Et la narration. Adams parsème son récit d’extraits du Guide du voyageur intergalactique et d’autres digressions pour nous dire : « Tiens, saviez-vous qu’il existe un poisson qui permet de comprendre toutes les langues de l’univers ? Pratique, n’est-ce pas ? Tellement qu’il peut prouver que Dieu n’existe pas. Ben oui, c’est une preuve trop grosse de son existence le créateur avait dit qu’il refusait de la prouver. D’ailleurs il va disparaître dans une bouffée de logique. Mais assez parlé de Dieu, intéressons-nous plutôt aux pensées d’un cachalot qui vient tout juste d’apparaître dans l’espace… Ah ben non, trop tard, il est mort ! Un pot de pétunia aussi est mort. Et ses dernières paroles vous aideront à comprendre le sens de la vie ! Vous pensez que je bois trop ? Ça tombe bien.
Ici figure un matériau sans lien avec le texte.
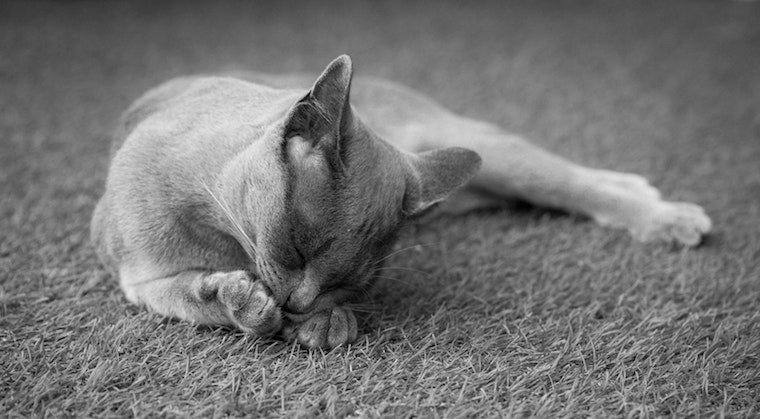 grey cat chewing on front paw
Voici la recette pour préparer la meilleure boisson de l’univers ! Commencez par mélanger ceci et cela, puis patati et patata puis bululululu ; Késé késé késé ; pose les deux pieds en canard, c'est la chenille qui redémarre et cetera, et cetera. »


Paradoxalement, je ne pense pas qu’un tel livre soit accessible à tout le monde. Les réfractaires à la SF auront du mal à adhérer à l’univers et aux thématiques : le sens de la vie, la place de l’Homme dans la galaxie, l’absurdité de l’existence. Des thèmes très pointus que même une approche très légère ne simplifie pas. Ceux qui n’aiment pas l’absurde pesteront devant les noms à consonance bizarre et les nombreuses coïncidences. Et ceux qui n’y connaissent rien en littérature seront perdus par les passages les plus stylisés. La scène du générateur d’improbabilité, par exemple. C’est d’autant plus dommage qu’elle démontre en quelques pages notamment tout le talent humoristique et absurde de Douglas Adams, mais aussi tout son talent littéraire.


En voici deux extraits pour le plaisir :


"Des piaillements stridents de flûtes et de violons perçaient le vent, des beignets fumants jaillissaient de la chaussée à dix pence pièce, d’affreux poissons dégringolaient maintenant des cieux, et Arthur et Ford décidèrent à ce moment de décamper. Ils traversèrent d’épaisses murailles sonores, des montagnes de pensées archaïques, des vallées de musique d’ambiance, des piles de mauvais quarts d’heure et de toquades futiles et puis soudain ils entendirent une voix de petite fille."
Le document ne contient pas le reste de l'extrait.